Hi Reinette,
On Fri, May 12, 2023 at 3:25 PM Peter Newman peternewman@google.com wrote:
On Thu, May 11, 2023 at 11:37 PM Reinette Chatre reinette.chatre@intel.com wrote:
On 4/21/2023 7:17 AM, Peter Newman wrote:
if (evtid == QOS_L3_MBM_LOCAL_EVENT_ID) {
counter = &state->local;
} else {
WARN_ON(evtid != QOS_L3_MBM_TOTAL_EVENT_ID);
counter = &state->total;
}
/*
* Propagate the value read from the hw_rmid assigned to the current CPU
* into the "soft" rmid associated with the current task or CPU.
*/
m = get_mbm_state(d, soft_rmid, evtid);
if (!m)
return;
if (resctrl_arch_rmid_read(r, d, hw_rmid, evtid, &val))
return;
This all seems unsafe to run without protection. The code relies on the rdt_domain but a CPU hotplug event could result in the domain disappearing underneath this code. The accesses to the data structures also appear unsafe to me. Note that resctrl_arch_rmid_read() updates the architectural MBM state and this same state can be updated concurrently in other code paths without appropriate locking.
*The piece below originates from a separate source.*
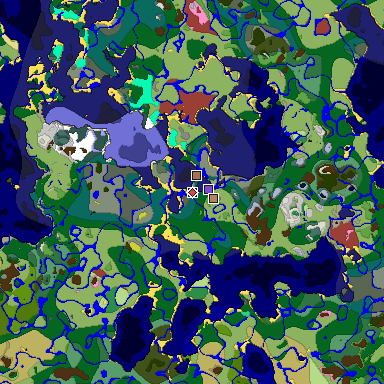 Predicted biome map of Java 26.3 seed -2451699334275987559 around estimated spawn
The domain is supposed to always be the current one, but I see that even a get_domain_from_cpu(smp_processor_id(), ...) call needs to walk a resource's domain list to find a matching entry, which could be concurrently modified when other domains are added/removed.
Similarly, when soft RMIDs are enabled, it should not be possible to call resctrl_arch_rmid_read() outside of on the current CPU's HW RMID.
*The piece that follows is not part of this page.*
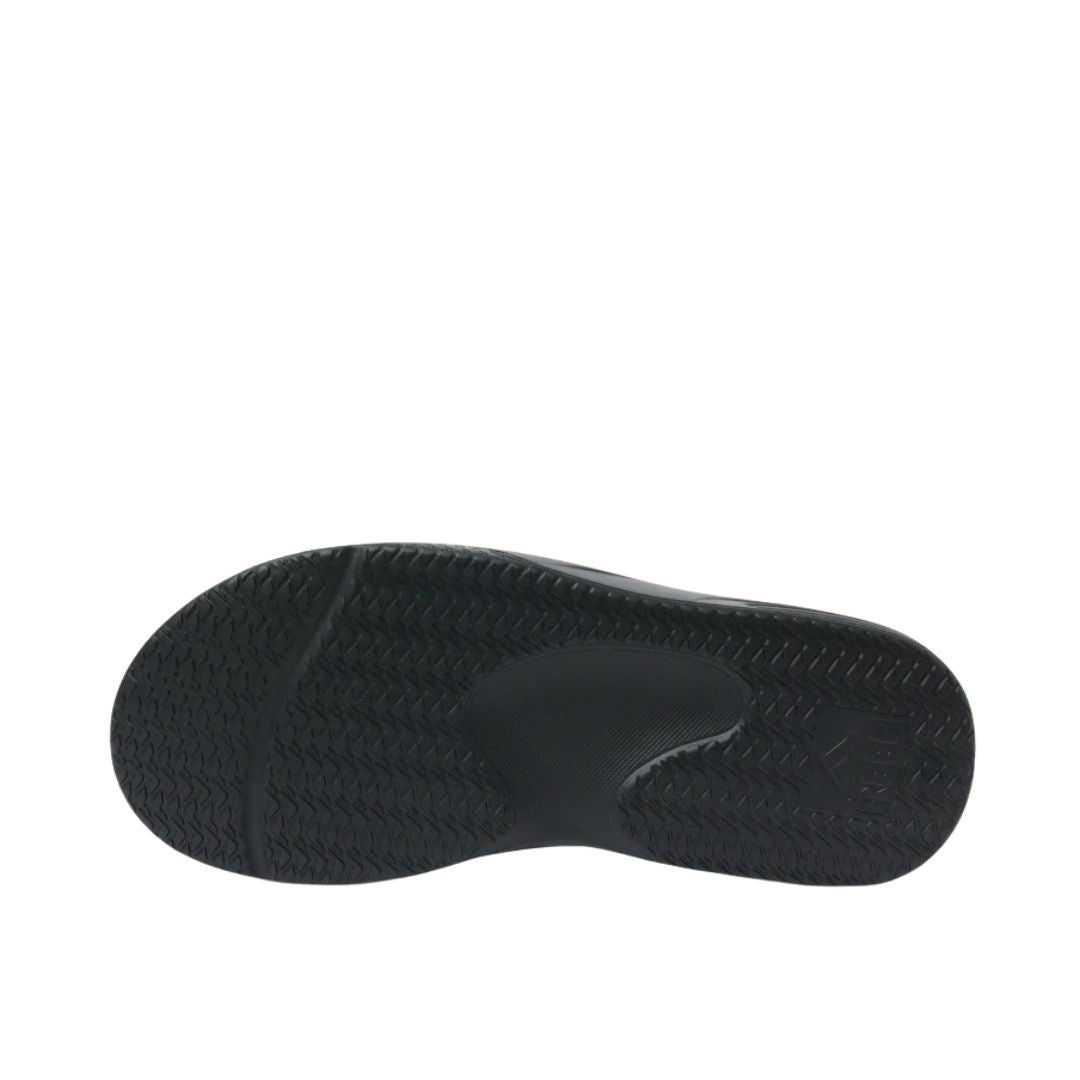 Suela chanclas Reef Fanning H2O negra con patrón de agarre antideslizante y diseño resistente al agua.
I'll need to confirm whether it's safe to access the current CPU's rdt_domain in an atomic context. If it isn't, I assume I would have to arrange all of the state used during flush to be per-CPU.
I expect the constraints on what data can be safely accessed where is going to constrain how the state is ultimately arranged, so I will need to settle this before I can come back to the other questions about mbm_state.
According to cpu_hotplug.rst, the startup callbacks are called before a CPU is started and the teardown callbacks are called after the CPU has become dysfunctional, so it should always be safe for a CPU to access its own data, so all I need to do here is avoid walking domain lists in resctrl_mbm_flush_cpu().
However, this also means that resctrl_{on,off}line_cpu() call clear_closid_rmid() on a different CPU, so whichever CPU executes these will zap its own pqr_state struct and PQR_ASSOC MSR.
-Peter